EXERCISE BRIEF:
The records below must be copied out completely and exactly.

Brief descriptive captions

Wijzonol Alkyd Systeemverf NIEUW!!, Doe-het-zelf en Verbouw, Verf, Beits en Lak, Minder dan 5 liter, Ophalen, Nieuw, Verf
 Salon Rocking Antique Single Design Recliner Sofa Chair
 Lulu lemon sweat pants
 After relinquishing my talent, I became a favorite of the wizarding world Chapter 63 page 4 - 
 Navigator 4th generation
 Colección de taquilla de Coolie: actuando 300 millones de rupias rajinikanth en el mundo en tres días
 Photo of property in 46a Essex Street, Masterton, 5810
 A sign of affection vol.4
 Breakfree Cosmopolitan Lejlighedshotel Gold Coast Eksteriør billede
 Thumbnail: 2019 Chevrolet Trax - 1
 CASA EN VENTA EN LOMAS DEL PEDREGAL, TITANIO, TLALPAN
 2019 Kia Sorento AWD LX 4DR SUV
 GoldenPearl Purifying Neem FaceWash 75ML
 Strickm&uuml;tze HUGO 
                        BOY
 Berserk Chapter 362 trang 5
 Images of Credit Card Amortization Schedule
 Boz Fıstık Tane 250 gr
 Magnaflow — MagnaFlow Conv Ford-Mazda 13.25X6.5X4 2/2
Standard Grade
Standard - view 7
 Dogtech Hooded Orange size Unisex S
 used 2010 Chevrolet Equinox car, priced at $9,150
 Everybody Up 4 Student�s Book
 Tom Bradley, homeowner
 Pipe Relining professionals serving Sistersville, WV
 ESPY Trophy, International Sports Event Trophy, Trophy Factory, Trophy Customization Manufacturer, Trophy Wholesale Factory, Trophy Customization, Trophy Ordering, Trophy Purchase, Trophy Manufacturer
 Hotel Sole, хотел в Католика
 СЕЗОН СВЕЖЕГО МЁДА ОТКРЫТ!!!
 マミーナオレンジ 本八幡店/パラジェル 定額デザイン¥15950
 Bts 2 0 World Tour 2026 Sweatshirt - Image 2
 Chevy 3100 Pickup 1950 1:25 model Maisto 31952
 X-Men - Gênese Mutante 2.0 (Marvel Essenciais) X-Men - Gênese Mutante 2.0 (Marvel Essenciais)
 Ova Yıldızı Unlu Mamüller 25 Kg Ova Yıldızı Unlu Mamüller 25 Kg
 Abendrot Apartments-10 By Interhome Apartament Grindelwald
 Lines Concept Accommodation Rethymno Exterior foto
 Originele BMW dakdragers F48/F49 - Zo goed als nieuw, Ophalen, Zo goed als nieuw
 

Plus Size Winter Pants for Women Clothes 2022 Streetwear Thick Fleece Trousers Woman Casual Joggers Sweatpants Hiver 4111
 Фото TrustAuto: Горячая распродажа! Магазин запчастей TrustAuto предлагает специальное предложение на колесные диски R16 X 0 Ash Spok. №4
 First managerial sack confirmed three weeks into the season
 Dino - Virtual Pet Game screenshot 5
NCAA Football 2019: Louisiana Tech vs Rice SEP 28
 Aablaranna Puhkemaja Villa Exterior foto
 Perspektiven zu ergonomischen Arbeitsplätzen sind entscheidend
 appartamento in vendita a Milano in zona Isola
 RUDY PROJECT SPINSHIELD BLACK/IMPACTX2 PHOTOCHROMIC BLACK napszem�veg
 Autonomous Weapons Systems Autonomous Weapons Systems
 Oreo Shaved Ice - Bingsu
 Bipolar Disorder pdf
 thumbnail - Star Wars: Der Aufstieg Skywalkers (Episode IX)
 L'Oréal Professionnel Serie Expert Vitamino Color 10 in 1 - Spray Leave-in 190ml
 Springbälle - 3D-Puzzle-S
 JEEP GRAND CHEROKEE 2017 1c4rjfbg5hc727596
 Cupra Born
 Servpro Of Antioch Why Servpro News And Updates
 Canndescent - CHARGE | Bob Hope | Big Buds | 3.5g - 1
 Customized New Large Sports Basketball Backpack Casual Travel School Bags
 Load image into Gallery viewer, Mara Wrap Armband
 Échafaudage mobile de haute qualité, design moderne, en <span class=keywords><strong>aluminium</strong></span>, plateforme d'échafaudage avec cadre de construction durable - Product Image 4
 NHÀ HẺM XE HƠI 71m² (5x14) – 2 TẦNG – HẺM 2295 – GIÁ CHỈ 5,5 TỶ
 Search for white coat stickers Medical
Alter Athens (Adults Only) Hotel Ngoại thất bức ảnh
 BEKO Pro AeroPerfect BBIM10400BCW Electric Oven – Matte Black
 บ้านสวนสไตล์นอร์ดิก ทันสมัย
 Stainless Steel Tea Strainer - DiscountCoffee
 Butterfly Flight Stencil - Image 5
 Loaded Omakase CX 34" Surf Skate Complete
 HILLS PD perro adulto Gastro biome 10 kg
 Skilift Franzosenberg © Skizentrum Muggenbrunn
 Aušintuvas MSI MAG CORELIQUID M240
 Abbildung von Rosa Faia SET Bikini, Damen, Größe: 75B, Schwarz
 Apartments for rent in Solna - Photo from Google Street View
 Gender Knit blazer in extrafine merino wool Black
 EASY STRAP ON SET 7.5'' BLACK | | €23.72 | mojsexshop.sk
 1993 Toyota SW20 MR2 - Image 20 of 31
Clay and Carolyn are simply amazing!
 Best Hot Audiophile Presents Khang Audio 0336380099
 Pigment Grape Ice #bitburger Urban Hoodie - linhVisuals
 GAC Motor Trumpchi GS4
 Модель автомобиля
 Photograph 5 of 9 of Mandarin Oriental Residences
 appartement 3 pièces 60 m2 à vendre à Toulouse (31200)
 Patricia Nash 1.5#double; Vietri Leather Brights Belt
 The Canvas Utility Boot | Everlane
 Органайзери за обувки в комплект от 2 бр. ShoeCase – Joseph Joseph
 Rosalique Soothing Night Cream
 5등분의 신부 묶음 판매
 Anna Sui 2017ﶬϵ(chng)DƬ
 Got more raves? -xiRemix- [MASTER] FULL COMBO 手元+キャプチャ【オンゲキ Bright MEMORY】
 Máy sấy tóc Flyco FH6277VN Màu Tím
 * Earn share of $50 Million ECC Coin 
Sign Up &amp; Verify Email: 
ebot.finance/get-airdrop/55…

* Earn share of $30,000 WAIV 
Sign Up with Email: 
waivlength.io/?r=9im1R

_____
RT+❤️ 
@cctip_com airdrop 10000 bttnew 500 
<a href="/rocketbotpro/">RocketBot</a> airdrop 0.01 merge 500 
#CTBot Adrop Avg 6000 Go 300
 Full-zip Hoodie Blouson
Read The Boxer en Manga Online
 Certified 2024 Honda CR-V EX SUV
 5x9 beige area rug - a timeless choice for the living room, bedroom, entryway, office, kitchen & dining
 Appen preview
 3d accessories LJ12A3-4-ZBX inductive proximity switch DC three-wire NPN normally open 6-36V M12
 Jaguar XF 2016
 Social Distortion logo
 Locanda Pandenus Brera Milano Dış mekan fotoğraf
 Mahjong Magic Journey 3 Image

EXERCISE ANSWER:
Wijzonol Alkyd Systeemverf NIEUW!!, Doe-het-zelf en Verbouw, Verf, Beits en Lak, Minder dan 5 liter, Ophalen, Nieuw, Verf
 Salon Rocking Antique Single Design Recliner Sofa Chair
 Lulu lemon sweat pants
 After relinquishing my talent, I became a favorite of the wizarding world Chapter 63 page 4 - 
 Navigator 4th generation
 Colección de taquilla de Coolie: actuando 300 millones de rupias rajinikanth en el mundo en tres días
 Photo of property in 46a Essex Street, Masterton, 5810
 A sign of affection vol.4
 Breakfree Cosmopolitan Lejlighedshotel Gold Coast Eksteriør billede
 Thumbnail: 2019 Chevrolet Trax - 1
 CASA EN VENTA EN LOMAS DEL PEDREGAL, TITANIO, TLALPAN
 2019 Kia Sorento AWD LX 4DR SUV
 GoldenPearl Purifying Neem FaceWash 75ML
 Strickm&uuml;tze HUGO 
                        BOY
 Berserk Chapter 362 trang 5
 Images of Credit Card Amortization Schedule
 Boz Fıstık Tane 250 gr
 Magnaflow — MagnaFlow Conv Ford-Mazda 13.25X6.5X4 2/2
Standard Grade
Standard - view 7
 Dogtech Hooded Orange size Unisex S
 used 2010 Chevrolet Equinox car, priced at $9,150
 Everybody Up 4 Student�s Book
 Tom Bradley, homeowner
 Pipe Relining professionals serving Sistersville, WV
 ESPY Trophy, International Sports Event Trophy, Trophy Factory, Trophy Customization Manufacturer, Trophy Wholesale Factory, Trophy Customization, Trophy Ordering, Trophy Purchase, Trophy Manufacturer
 Hotel Sole, хотел в Католика
 СЕЗОН СВЕЖЕГО МЁДА ОТКРЫТ!!!
 マミーナオレンジ 本八幡店/パラジェル 定額デザイン¥15950
 Bts 2 0 World Tour 2026 Sweatshirt - Image 2
 Chevy 3100 Pickup 1950 1:25 model Maisto 31952
 X-Men - Gênese Mutante 2.0 (Marvel Essenciais) X-Men - Gênese Mutante 2.0 (Marvel Essenciais)
 Ova Yıldızı Unlu Mamüller 25 Kg Ova Yıldızı Unlu Mamüller 25 Kg
 Abendrot Apartments-10 By Interhome Apartament Grindelwald
 Lines Concept Accommodation Rethymno Exterior foto
 Originele BMW dakdragers F48/F49 - Zo goed als nieuw, Ophalen, Zo goed als nieuw
 

Plus Size Winter Pants for Women Clothes 2022 Streetwear Thick Fleece Trousers Woman Casual Joggers Sweatpants Hiver 4111
 Фото TrustAuto: Горячая распродажа! Магазин запчастей TrustAuto предлагает специальное предложение на колесные диски R16 X 0 Ash Spok. №4
 First managerial sack confirmed three weeks into the season
 Dino - Virtual Pet Game screenshot 5
NCAA Football 2019: Louisiana Tech vs Rice SEP 28
 Aablaranna Puhkemaja Villa Exterior foto
 Perspektiven zu ergonomischen Arbeitsplätzen sind entscheidend
 appartamento in vendita a Milano in zona Isola
 RUDY PROJECT SPINSHIELD BLACK/IMPACTX2 PHOTOCHROMIC BLACK napszem�veg
 Autonomous Weapons Systems Autonomous Weapons Systems
 Oreo Shaved Ice - Bingsu
 Bipolar Disorder pdf
 thumbnail - Star Wars: Der Aufstieg Skywalkers (Episode IX)
 L'Oréal Professionnel Serie Expert Vitamino Color 10 in 1 - Spray Leave-in 190ml
 Springbälle - 3D-Puzzle-S
 JEEP GRAND CHEROKEE 2017 1c4rjfbg5hc727596
 Cupra Born
 Servpro Of Antioch Why Servpro News And Updates
 Canndescent - CHARGE | Bob Hope | Big Buds | 3.5g - 1
 Customized New Large Sports Basketball Backpack Casual Travel School Bags
 Load image into Gallery viewer, Mara Wrap Armband
 Échafaudage mobile de haute qualité, design moderne, en <span class=keywords><strong>aluminium</strong></span>, plateforme d'échafaudage avec cadre de construction durable - Product Image 4
 NHÀ HẺM XE HƠI 71m² (5x14) – 2 TẦNG – HẺM 2295 – GIÁ CHỈ 5,5 TỶ
 Search for white coat stickers Medical
Alter Athens (Adults Only) Hotel Ngoại thất bức ảnh
 BEKO Pro AeroPerfect BBIM10400BCW Electric Oven – Matte Black
 บ้านสวนสไตล์นอร์ดิก ทันสมัย
 Stainless Steel Tea Strainer - DiscountCoffee
 Butterfly Flight Stencil - Image 5
 Loaded Omakase CX 34" Surf Skate Complete
 HILLS PD perro adulto Gastro biome 10 kg
 Skilift Franzosenberg © Skizentrum Muggenbrunn
 Aušintuvas MSI MAG CORELIQUID M240
 Abbildung von Rosa Faia SET Bikini, Damen, Größe: 75B, Schwarz
 Apartments for rent in Solna - Photo from Google Street View
 Gender Knit blazer in extrafine merino wool Black
 EASY STRAP ON SET 7.5'' BLACK | | €23.72 | mojsexshop.sk
 1993 Toyota SW20 MR2 - Image 20 of 31
Clay and Carolyn are simply amazing!
 Best Hot Audiophile Presents Khang Audio 0336380099
 Pigment Grape Ice #bitburger Urban Hoodie - linhVisuals
 GAC Motor Trumpchi GS4
 Модель автомобиля
 Photograph 5 of 9 of Mandarin Oriental Residences
 appartement 3 pièces 60 m2 à vendre à Toulouse (31200)
 Patricia Nash 1.5#double; Vietri Leather Brights Belt
 The Canvas Utility Boot | Everlane
 Органайзери за обувки в комплект от 2 бр. ShoeCase – Joseph Joseph
 Rosalique Soothing Night Cream
 5등분의 신부 묶음 판매
 Anna Sui 2017ﶬϵ(chng)DƬ
 Got more raves? -xiRemix- [MASTER] FULL COMBO 手元+キャプチャ【オンゲキ Bright MEMORY】
 Máy sấy tóc Flyco FH6277VN Màu Tím
 * Earn share of $50 Million ECC Coin 
Sign Up &amp; Verify Email: 
ebot.finance/get-airdrop/55…

* Earn share of $30,000 WAIV 
Sign Up with Email: 
waivlength.io/?r=9im1R

_____
RT+❤️ 
@cctip_com airdrop 10000 bttnew 500 
<a href="/rocketbotpro/">RocketBot</a> airdrop 0.01 merge 500 
#CTBot Adrop Avg 6000 Go 300
 Full-zip Hoodie Blouson
Read The Boxer en Manga Online
 Certified 2024 Honda CR-V EX SUV
 5x9 beige area rug - a timeless choice for the living room, bedroom, entryway, office, kitchen & dining
 Appen preview
 3d accessories LJ12A3-4-ZBX inductive proximity switch DC three-wire NPN normally open 6-36V M12
 Jaguar XF 2016
 Social Distortion logo
 Locanda Pandenus Brera Milano Dış mekan fotoğraf
 Mahjong Magic Journey 3 Image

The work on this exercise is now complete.